4. Takes the natural log of the result of the each cell in one DF raised to the power of the corresponding cell in the other, e.g.,

$\ln(\text{df.ix[0,0]}^{\text{df2.ix[0,0]}})$

Hint: If any of these take more than one line of code or you are using apply, you are not vectorizing.
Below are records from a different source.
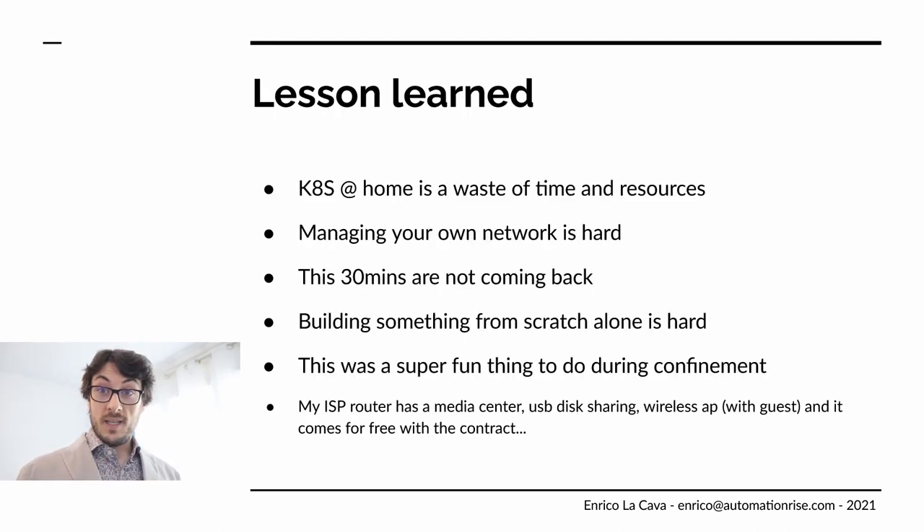To wrap this up: running Kubernetes at home is a complete waste of time and resources. Managing your network is very, very hard — way more than I expected. But the biggest thing I found was that this was the first time I worked from A to Z on a project completely alone. I'm very used to working in a team, and every time I hit a barrier or had to make a decision, I was completely alone. That was way harder. So the biggest lesson learned is about teamwork — having somebody you can count on when you build your stuff. It was a super fun thing to do during confinement, though I truly hope I don't have that much free time again.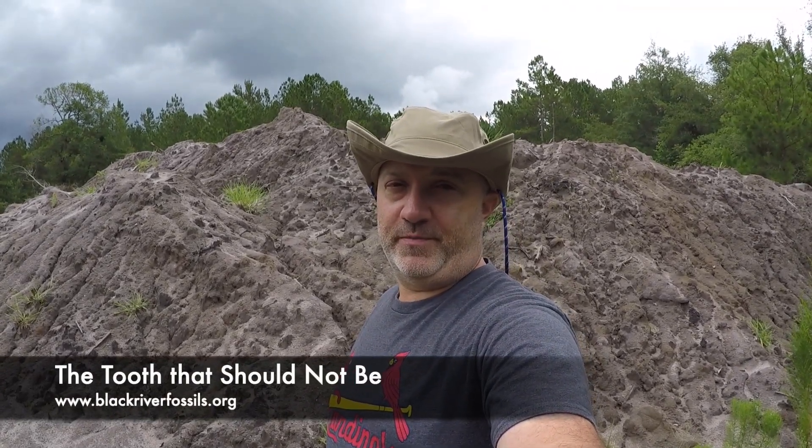I labored over this video. I almost didn't post it. It's been done for weeks because my inner critic said there's no way this tooth is what you think it is. But obviously I decided to do it, and the reason is because I want your opinion. Some of you out there are very knowledgeable and know a whole lot about shark teeth, and I want to know what you think. So here it is.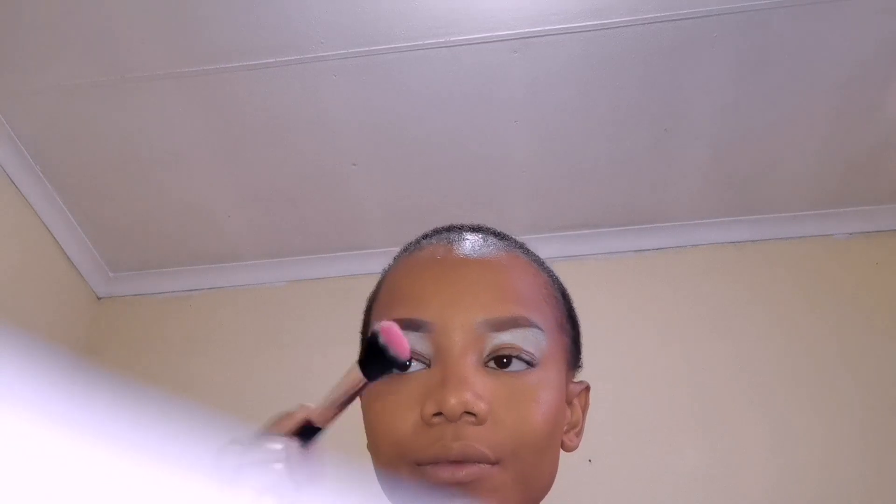Now I'm going to go in with my blush. Now with a clean brush, I'm going to blend out the blush because I don't want it to be too much.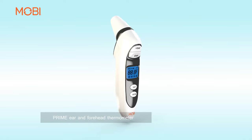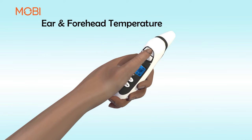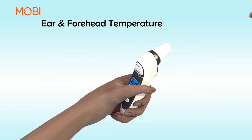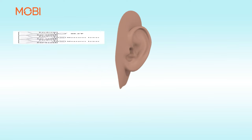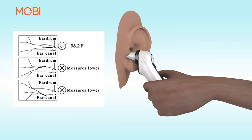Prime Ear and Forehead Thermometer — Ear and Forehead Temperature. Press the head button to turn the thermometer on. To measure temperature via ear, pull off the forehead probe cover from the unit. Insert the ear probe tip slightly into the ear opening, then press and release the ear button to measure the body temperature.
Try Again!


In [23]:
# Insert your code for number 1 here.
np.power(np.float64(df), df2)


Out[23]:
0 1 2 3 4 5 6 7
a inf 6.782231e+11 6.460109e+217 6.684677e+299 1.548140e+45 3.789781e+73 inf inf
b 1.503830e+157 1.109526e+272 inf 4.772395e+235 1.000000e+00 1.805384e+222 1.098626e+81 2.253930e+136
c 1.461502e+128 2.913567e+92 1.512863e+240 9.412836e+152 9.765625e+06 inf 3.121749e+304 1.000000e+00
d 2.388636e+213 5.769983e+253 9.765625e+06 1.000000e+20 1.600000e+01 1.382186e+104 4.359939e+62 1.099512e+52
e 1.966271e+77 4.943375e+244 inf 3.914144e+48 1.157586e+120 7.562851e+262 1.234767e+32 1.461502e+128
f 4.239116e+88 4.357284e+165 2.753568e+191 1.500946e+17 4.772395e+235 inf 1.552518e+231 1.461502e+128
g 3.308047e+290 inf 8.140275e+22 1.114109e+116 4.772395e+235 4.205673e+144 inf 2.507026e+161
h 3.008065e+140 1.600000e+01 inf 1.165730e+59 inf 1.461502e+128 7.949685e+25 inf

8 rows × 8 columns


In [29]:
# Insert your code for number 2 here.
np.power(np.float64(df), 1/df2)


Out[29]:
0 1 2 3 4 5 6 7
a 1.024879 1.149117 1.034270 1.028041 1.083599 1.064660 1.024668 1.025095
b 1.041809 1.029823 1.024879 1.032632 0.000000 1.033843 1.061310 1.045501
c 1.047191 1.056949 1.032249 1.042494 1.174619 1.023668 1.027766 0.000000
d 1.034708 1.031157 1.174619 1.122018 1.189207 1.053226 1.070540 1.077769
e 1.062935 1.031876 1.024057 1.080566 1.049027 1.030474 1.098837 1.047191
f 1.058324 1.040512 1.037102 1.129831 1.032632 1.024257 1.033025 1.047191
g 1.028608 1.025998 1.115157 1.050006 1.032632 1.043940 1.026236 1.041149
h 1.044705 1.189207 1.025314 1.072777 1.025998 1.047191 1.109088 1.025538

8 rows × 8 columns

HINT:

$\sqrt{4} = 4^{\frac{1}{2}}$


In [32]:
# Insert your code for number 3 here.
from math import sqrt
np.sqrt(np.float64(df) + df2)


Out[32]:
0 1 2 3 4 5 6 7
a 16.613248 4.582576 13.527749 15.394804 7.348469 8.831761 16.703293 16.522712
b 11.874342 14.798649 16.613248 13.964240 0.000000 13.638182 9.165151 11.224972
c 10.954451 9.643651 14.071247 11.747340 3.872983 17.146428 15.491933 0.000000
d 13.416408 14.387495 3.872983 5.477226 2.449490 10.099505 8.306624 7.745967
e 9.000000 14.177447 16.970563 7.549834 10.677078 14.594520 6.480741 10.954451
f 9.486833 12.124356 12.845233 5.196152 13.964240 16.881943 13.856406 10.954451
g 15.198684 16.155494 5.744563 10.535654 13.964240 11.489125 16.062378 12.000000
h 11.357817 2.449490 16.431677 8.124038 16.155494 10.954451 6.000000 16.340135

8 rows × 8 columns


In [33]:
# Insert your code for number 4 here.
from math import log
np.log(np.power(np.float64(df), df2))


Out[33]:
0 1 2 3 4 5 6 7
a inf 27.242742 501.526611 690.372761 104.053383 169.421020 inf inf
b 361.913875 626.407078 inf 542.670345 0.000000 511.764664 186.603453 313.964248
c 295.110356 212.907207 553.034426 352.235008 16.094379 inf 701.124262 0.000000
d 491.321347 584.306698 16.094379 46.051702 2.772589 239.792516 144.232734 119.829291
e 177.975191 563.428811 inf 111.888681 276.456548 605.300543 73.893605 295.110356
f 204.071843 381.398389 440.806650 39.550042 542.670345 inf 532.337035 295.110356
g 668.946035 inf 52.753696 267.207926 542.670345 333.008688 inf 371.635297
h 323.463210 2.772589 inf 136.005868 inf 295.110356 59.637760 inf

8 rows × 8 columns

Take a close look at your answers. If they don't make sense or there are problems with them, figure out why and correct them in your code.